Legislation is simply the act of enacting laws by government or its agencies. Electoral violence has been

variously conceived as any act of violence perpetuated in the course of political activities including pre election,

during and post election periods. Such acts include thuggery, use of physical force to disrupt voting at polling

station and the use of dangerous weapons to intimidate voters, both election umpires.

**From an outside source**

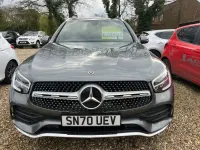 Usado Mercedes GLC220 AMG line 194 HP (142 kW) 2020 Cinzento Carrinha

Several legislations have been proposed by the legislative arm of government on what punishment should be

most suitable for election offenders.  This came as a long-borne reaction to the various election-related crises

which is an indispensable part of our electoral process. The bill to punish election offenders with imprisonment

not less than 20 years has passed the second reading. According to the broadcast, despite the overwhelming and

lofty level of election matters in Nigeria, there is hope that in no distance time, the bill will be passed into law

which is hoped to forestall a considerable aspect of our electoral issues. This is a welcome development though

viewed by many as coming a bit late, yet it came at the heels of Nigerian’s worst times in our “epileptic”  march

towards political emancipation of which free, fair and credible/less violent elections are but a part. It is a known

fact that electoral violence can only thrive and be sustained by both the legal and illegal use of arms . This of

course calls to mind two distinct facts such as: The role of the government security agencies in election duties;

and the illegally acquired arms through our various porous borders compliment the lopsided roles of our biased

security agencies which fuels crises at every turn of election [13].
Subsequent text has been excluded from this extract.